Work instructions: Pictures aside, reproduce exactly each line from the one holding "thumbnail 2" through the last line of the material, both ends included.

Supplied data:
◇ ◇ ◇ ◇ ◇ ◇ ◇
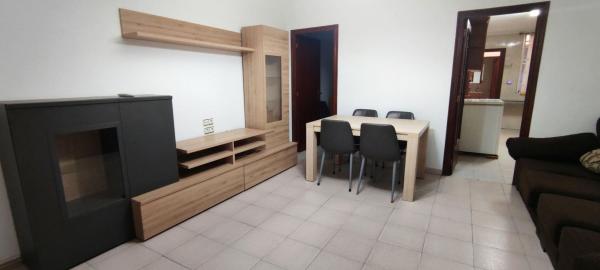 Продажа квартиры на Piso en Calle Ginés García Esquitino, Carrús Este, Elche / Elx, Эльче / Эльх
thumbnail 2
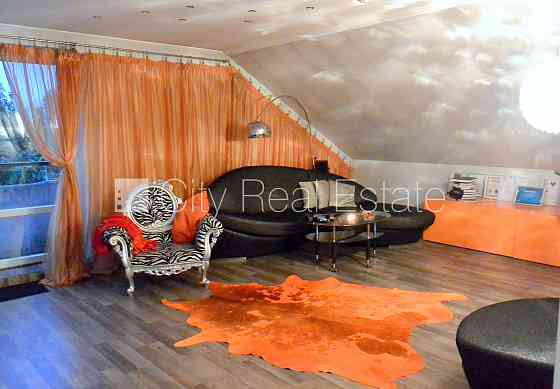 Земля в собственности, дом во дворе, кирпичные стены, благоустроенная Рига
◇ ◇ ◇ ◇ ◇ ◇ ◇
Response:
thumbnail 2
 Земля в собственности, дом во дворе, кирпичные стены, благоустроенная Рига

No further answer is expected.